表情变化之快让人应接不暇,春流翠才回过神来,就看到这个妖孽一副温驯小猫状靠在自己肩上,低眉顺眼的等着他讲故事。
见他久久未曾开口,余畅晚疑惑的抬头望他,“春风?”
春流翠对上这双晶莹剔透的桃花眼,想了想道:“我曾经到过一个村子去施诊,村子里遭了瘟疫……”习惯性地一手将余畅晚揽过,“温疫是与五运六气变化异常有一定的关系,故有金疫、木疫、水疫、火疫、土疫“五疫”及“五疠”之称,是一种疫毒之气。人气在上,瘟疫大作,必先头痛或骨节疼,与伤寒、时气、冒暑、风湿及中酒之人其状皆相类。瘟疫众一般病者是,又谓天行时疫。治有三法:宜补,宜散,宜降。有天受,有传染,所感虽殊,其病则一。一人得病,传染一家,轻者十生□□,重者十存一二,合境之内,大率如斯……”
春流翠一讲起自己的本行就滔滔不绝,余畅晚根本就不知所云,只听懂一句,“一人得病,传染一家。”再看眼春流翠那兴奋的模样,他赶紧道:“讲重点!”
想他余畅晚,妖孽一个,从小师傅教的功夫,老爹教的打家劫舍,还没有谁拽文教什么之乎者也的。
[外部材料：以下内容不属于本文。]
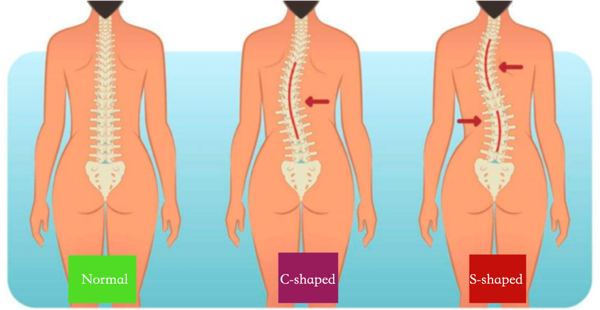 C and S forms of scoliosis
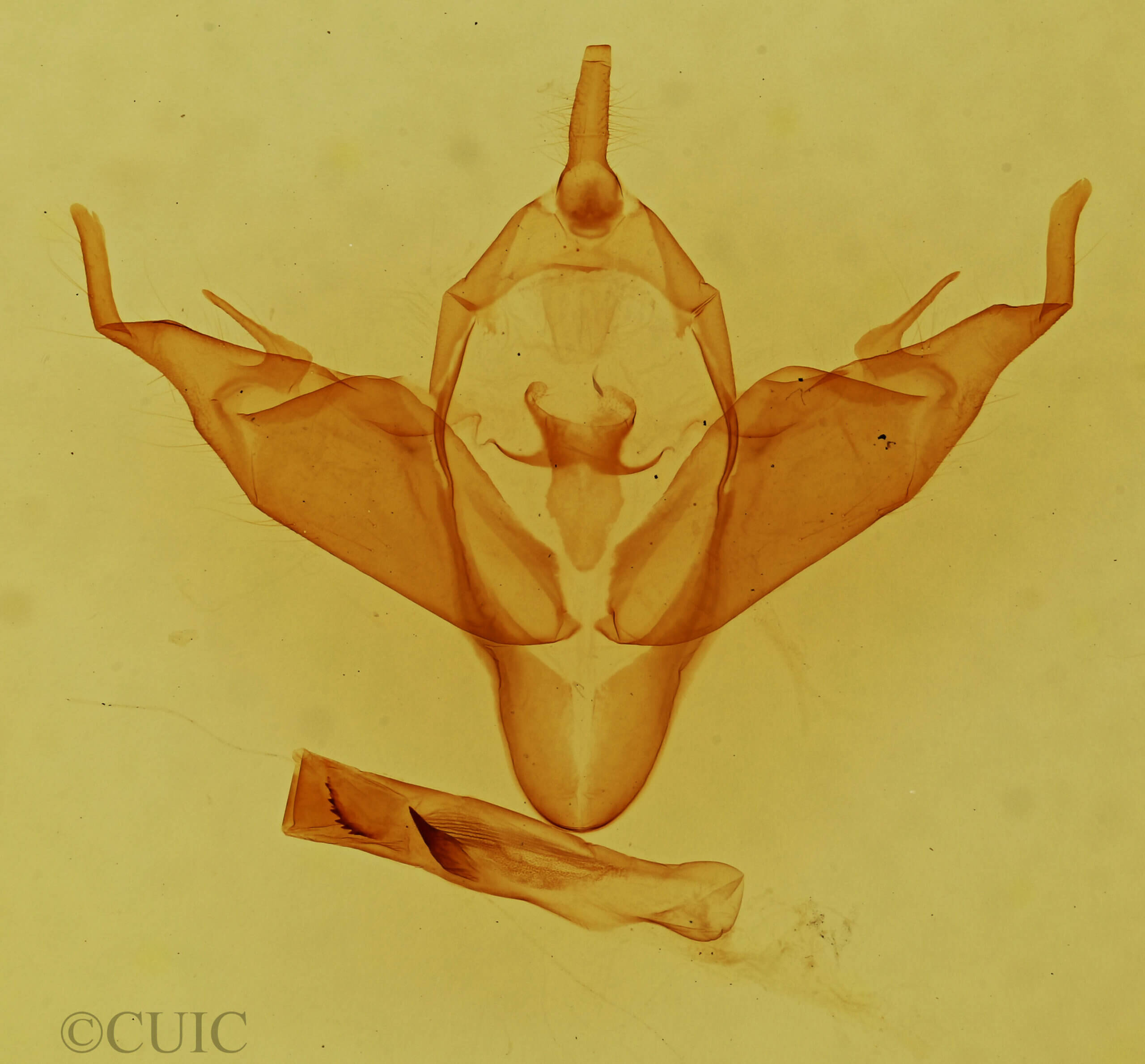 genitalia view of adult Abagrotis sp.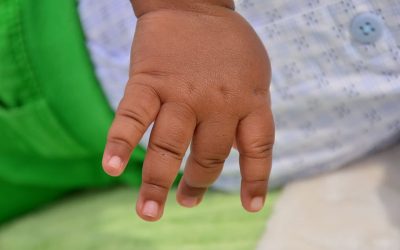 Multifaceted quality improvement initiatives improve rate of pediatric hand injury reduction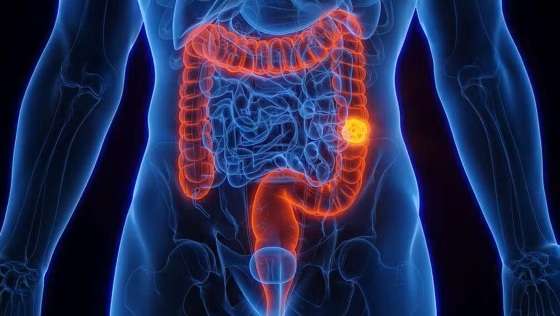 Aumento proporcional de casos de tumor no intestino entre mais jovens chamou a atenção de cientistas.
春流翠从善如流,讲得通俗了些,“当时村子里一个外出回来的年轻人突然高烧不退,咽喉和舌头充血并发出异常恶臭的气味,接着不断有患者出现流涕,声音嘶哑,咳嗽胸痛,不久就开始有人死亡。”
听到这里余畅晚开始懂了,原来是讲鬼故事!
“后来村子里还没有感染上的人都想着逃出来,但是村子太偏僻了,离城镇又远,只有一条山路可以到,路上又有野狼出没!”
“唉!”余畅晚叹口气,原来是历险故事!
“有一些体弱多病的,就留在村子里了!这也没办法,带上病人和身体虚弱的人的话,根本就无法逃走啊!”
“等等,村子里面还有人没有逃出来?”
“那些逃出来的人称他们先逃,到了镇上再寻求援助回去帮他们!”春流翠温柔的看着他,那深邃的眸子荡漾着难解的波。
“所以他们找上了你?”余畅晚一下子懂了,“那你是怎么办的?既然他们作为至亲,在危机关头都可以舍弃家人,那你作为旁人自然无从过问!”
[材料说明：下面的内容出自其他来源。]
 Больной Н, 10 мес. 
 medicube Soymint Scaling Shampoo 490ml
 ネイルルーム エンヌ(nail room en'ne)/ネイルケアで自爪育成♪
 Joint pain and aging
“我,出自门第观念级重的春家,又不是春家任何妻妾所生,只是外面一个妓女所生的野种,我不懂任何武功,想要在这个家里立足,你说我该怎么办?”
“嗯……”你自然是抓住每一个出头表现的机会,还不忘陷害同辈。
“有谁愿意拼上性命去救与自己不相干的人呢?”他笑得意味深长,“可是我却去了,当年我只有十八岁,去到那个遍地染疫的村子,医治了连自己也不确定可以治好的病人,也算是孤注一掷了。”
余畅晚撇嘴,您老是一般人吗?!人家十八岁是懵懂少年,您老十八岁已经不知道害死过多少人了!说什么对自己的医术没信心,没信心你还去草菅人命?!真是没天良!
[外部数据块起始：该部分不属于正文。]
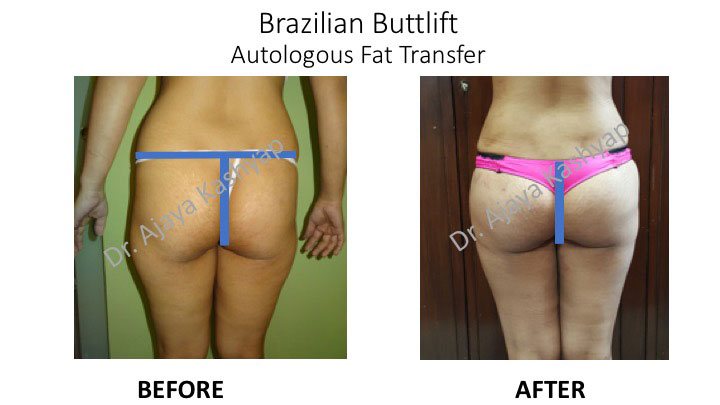 brazilian butt lift surgery in India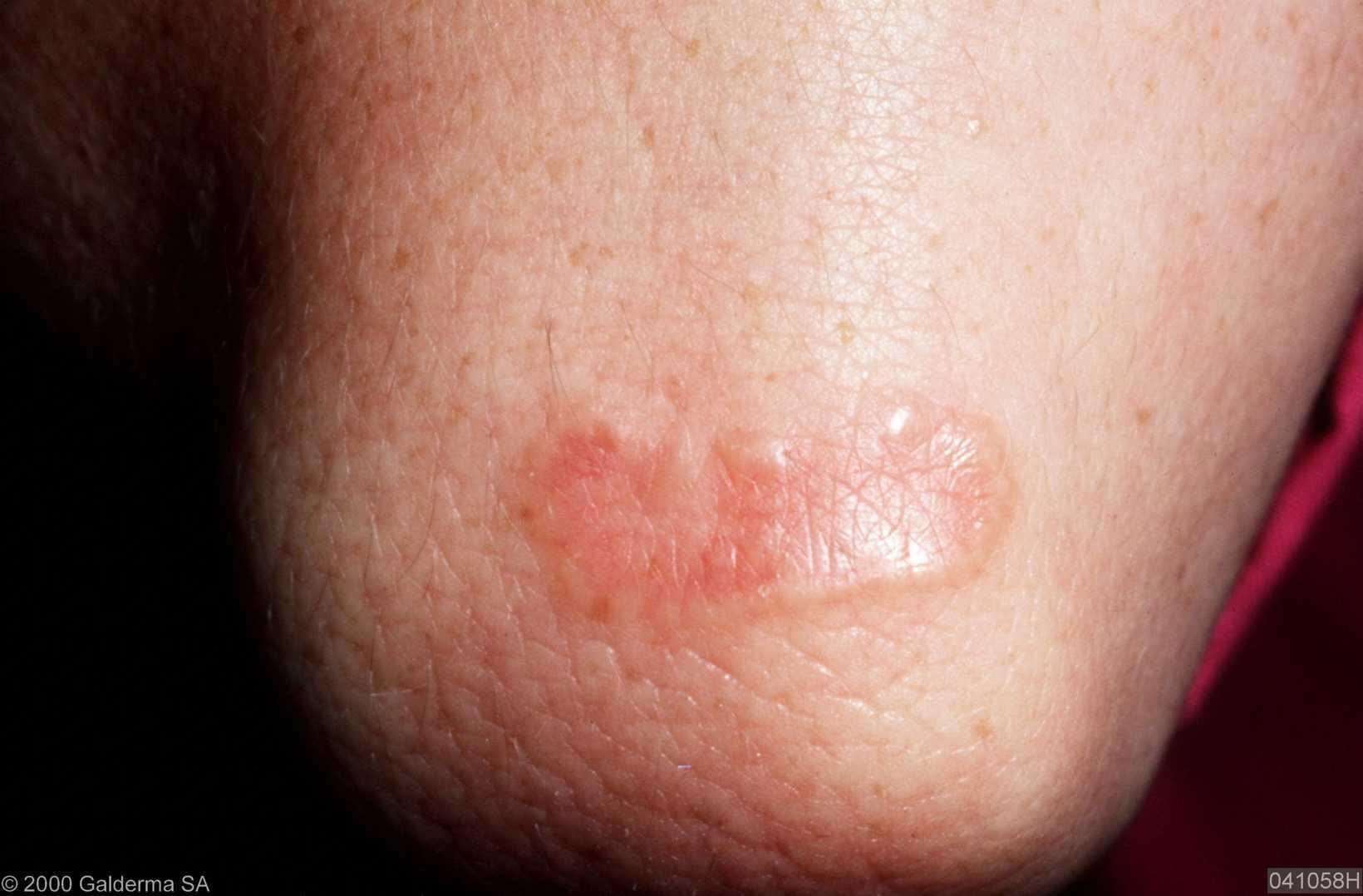 granuloma annulare pictures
“人是不会无缘无故对人好的,总有着什么目的!当年我就是为了在春家占一席之地才去的,总算是博得了今日称号。”
说了半天原来是春祸水自己的发迹史,真是自恋的家伙!
听他总算是说完了,余畅晚如蒙大赦,“春风,你也不容易,冒着生命危险换来的好名声,一定要珍惜。”
那你舍得把辛辛苦苦得来的荣光给我如此糟践,一定是有什么不为人知的阴谋——春家族长一位?!
“晚弟,你不觉得其实我们很像吗?”春流翠把下巴放在余畅晚的肩上,瞧着他圆润的耳垂,情不自禁咬了一下。
余畅晚哆嗦着跳起来,“哪里像啦?我这般活跃,你如此死板;我这般天真烂漫,你如此冰冷阴暗;我这般纯真无暇,你如此劣迹斑斑,哪里像?”
“到底是哪个劣迹斑斑了?”春流翠一脸坏笑的向他勾勾指头。
“我那是替天行道来着!哼!”余畅晚一撅嘴,各外娇俏。
他们说得兴起,就有一个阴沉的声音出来捣乱,“现在还这么好精神,你们年轻人果然不一样呀,一天不吃饭照样好气色。”